We're going to need time for the spicy slaw marinade to infuse, so let's tackle that first. Combine your rice vinegar, soy sauce, sesame oil, Lee Kum Kee Chui Chow Chili Oil (be sure to give it a good stir first to grab those chili flakes at the bottom!), fresh lime juice, and garlic in a small bowl. Whisk well and refrigerate for at least 2-4 hours (I let it sit overnight).
Meanwhile, mix together the grilled shrimp marinade ingredients (Lee Kum Kee Hoisin Sauce, Lee Kum Kee Panda Brand Oyster Sauce and garlic) in a small bowl. Pour into a resealable bag (reserving about 2 teaspoons for grilling). Add shrimp and mix until coated. Refrigerate for 2-4 hours.
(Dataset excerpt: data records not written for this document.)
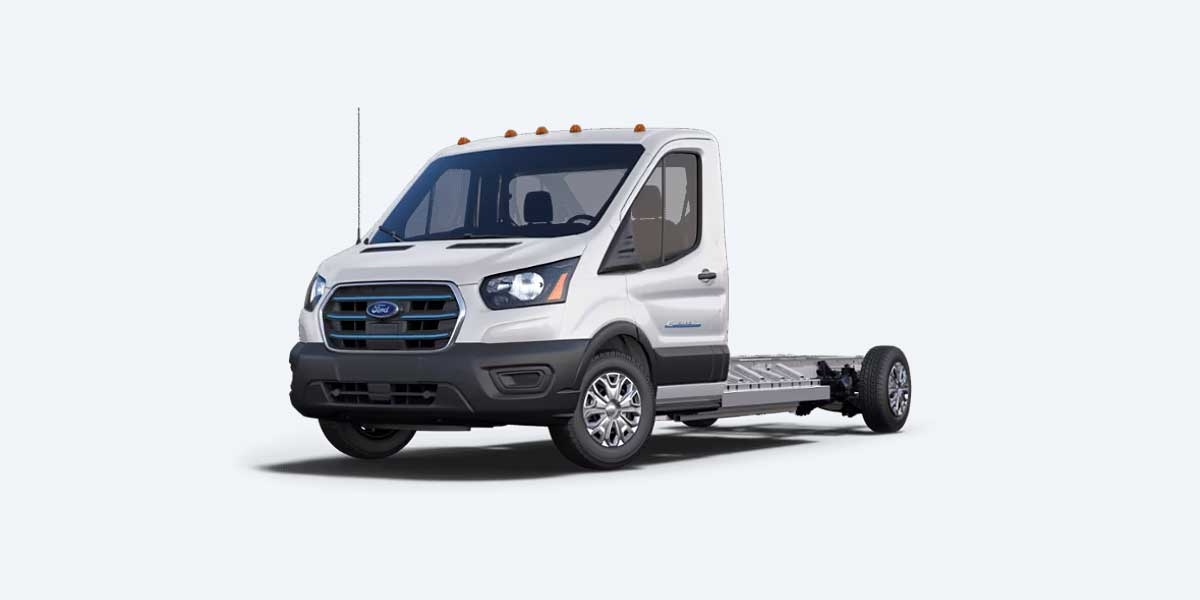 Video Review on Ford E-Transit Chassis Cab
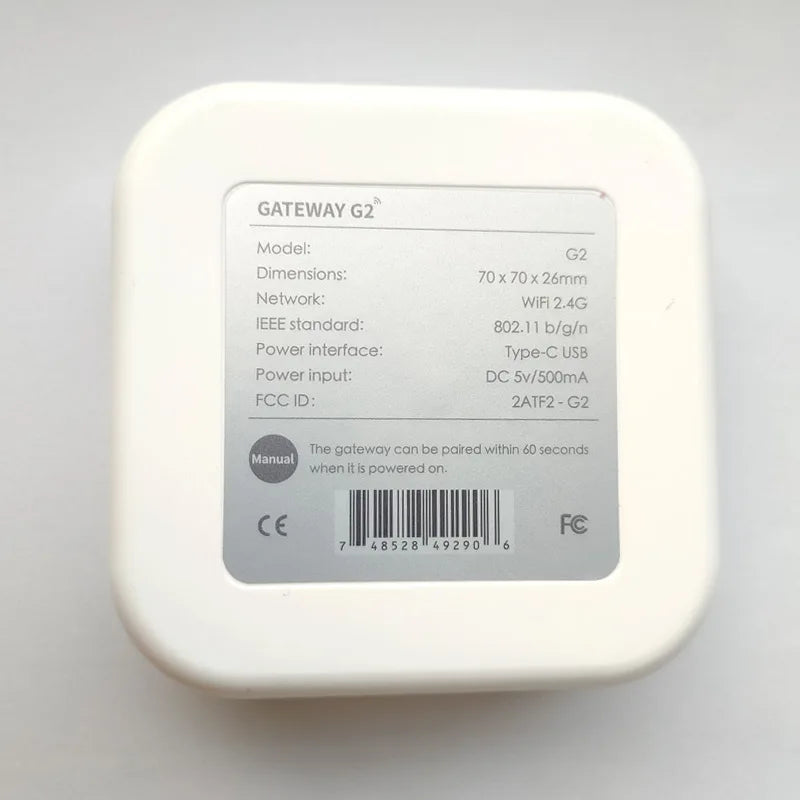 WLAN Gateway G2 für TT Schloss App Steuerung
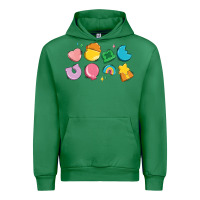 Emerald st patrick's lucky charms Urban Hoodie - Artiststas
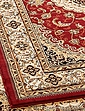 Victoria Large Rug - Red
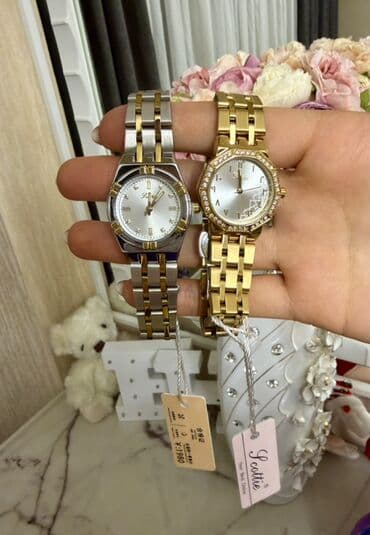 Qol saatı, rəng - Qızılı lalafo.az -da Qol saatı, rəng - Qızılı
When the shrimp is marinated, fire up the grill. Place shrimp on skewers and grill for about 5-7 minutes per side on low/medium heat until fully cooked, basting in extra marinade for the last 1-2 minutes.
Mix broccoli slaw, red cabbage, green onions and toasted sesame seeds in large bowl. Pour over slaw marinade and gently toss until coated.
Fill hoagie roll with slaw. Place grilled shrimp over the slaw. Top with Lee Kum Kee Sriracha Mayo, combining traditional flavors of Sriracha with the cool and creamy texture of mayo.
Serve immediately. Makes 4 Asian Shrimp Po Boy sandwiches.